Today, yesterday, each and every day, strings of malicious code are pushed down wires, searching for their targets. Some of these are simple thieves; some seek information that others want to keep private. These are the usual activities of spy and intelligence agencies.
What’s changed today is that other armed forces have got into the game as well. They’re planting digital bombs, burrowing down and preparing for war. The problem is our response is being critically hobbled.
For hundreds of years we’ve accepted, tolerated, and grown accustomed to spies collecting information and operating clandestinely without any declaration of war. Codes of behaviour have grown up around such activities. These practices have been normalised. But what’s changed, today, is that it’s not just trench-coat wearing intelligence agencies that are operating in the cyber world and this is not a low-stakes competition. It’s a new, desperate struggle to secure the critical fabric that links our modern post-industrial society. Rip this apart and the country disintegrates.
The problem is that today, foreign military forces around the world are engaged in an enthusiastic effort to penetrate beyond national boundaries, lodge electronic bombs, and preparing to detonate a cataclysmic cyber Pearl Harbour on command. If any country did this physically, we’d call it exactly what it is; an act of war. There aren’t, however, similar rules and understandings in the cyber domain.
It’s a threat that we’re unprepared to meet, but to that in a moment.
First, examine exactly how this all began.
It was, ironically enough, a smiling, enigmatic, Harvard graduate and former law professor that opened this Pandora’s box. Barack Obama happily legitimised a cyber attack, authorising a coded mission to destroy Iranian centrifuges far more effectively than the only other, more dangerous, alternative: sending Israeli jets flying over the desert sands to bomb the nuclear enrichment facilities. This was qualitatively different from the other, also used, alternative, getting motorcycle assassins to shoot scientists caught-up in Tehran traffic. Unfortunately for Obama, what was fine back then (because the US was so far in advance of any other power) doesn’t look quite so damn cool and smart today. Other nations have caught up.
Obama unleashed a new way of war but couldn’t control it.
Russia, Iran, and North Korea (the RINK) learnt from what occurred. They decided the US couldn’t have all the fun and joined in the games, but added their own twist. They got the military involved.
The cyber domain became a free-for-all, similar to the Caribbean in the sixteenth century.
Spanish galleons were ploughing across the waters of the Main on business. England’s Elizabeth 1st (“Good Queen Bess”) happily commissioned privateers (her “Sea Dogs”) like Francis Drake and John Hawkins to loot and raid the Spanish Treasure ships, all the while denying they operated on her instructions. The pirates became wealthy heroes as they destroyed legitimate commerce. It was so much easier than invading America. Later, in 1812 it was the US’s turn. “Independent” raiders were rewarded for capturing British ships while America denied responsibility for their activities.

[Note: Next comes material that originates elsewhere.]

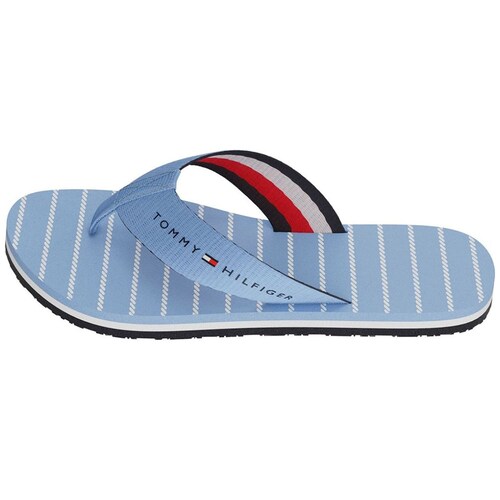 Sandalia Flip Flop con Líneas Azul Tommy Hilfiger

This is the way smaller powers have always operated. Asymmetric warfare targets the weakest point of opponents who can’t strike back. Is it a surprise this is how the RINK engages? Did the US really believe it would be allowed to send spies wandering electronically through other countries wires, dropping electronic bombs, without them retaliating?
But now China has joined the RINK, heightening risk and adding complexity to an already dangerous situation. Today regular military units are engaged in operations behind the lines and through the wires, penetrating and targeting not just government, but commercial and civilian systems. Every nation’s preparing for the first day of the next war by ensuring they have the capacity for a crippling, devastating opening attack.
So where does this leave us?
The Army Research Centre’s Al Palazzo offers a brilliant conceptual model to engage with what’s happening.
Traditionally, we think of conflicts beginning with a declaration of war and finishing with a settlement. Instead Palazzo talks about the “war cycle”, often operating below the threshold of actual violence, and through which nations achieve their aim. Using a combination of smarts, force and unattributed actions, Turkey was able to obtain its way in Syria while Russia swiftly and successfully incorporated the Crimea.
The cyber domain is the new site of struggle and becoming similarly weaponised. China’s Peoples Liberation Army units are regularly engaging in a similar, crucial, struggle for dominance and supremacy.
The big problem is that our laws aren’t set up for conditions short of war. Our military can’t operate here because “cyber” isn’t a physical territory you can defend. It’s in the ether, so our military is hobbled because there’s no legislative basis for it to engage.
Major General Marcus Thompson is deputy chief, information warfare. He’s that rare thing, a commander with a doctorate in cyber security. But now he’s warning – in a succession of public speeches – that parliament urgently needs to change the legal framework for engaging in these new conflicts.
Thompson specifically notes that “Australia does not posess a legal or conceptual definition of what information warfare is”. This is because, critically, our forces can’t be involved without a declaration of war. In Brussels recently the Chief of the Defence Force, Angus Campbell, reiterated his own concerns about these issues.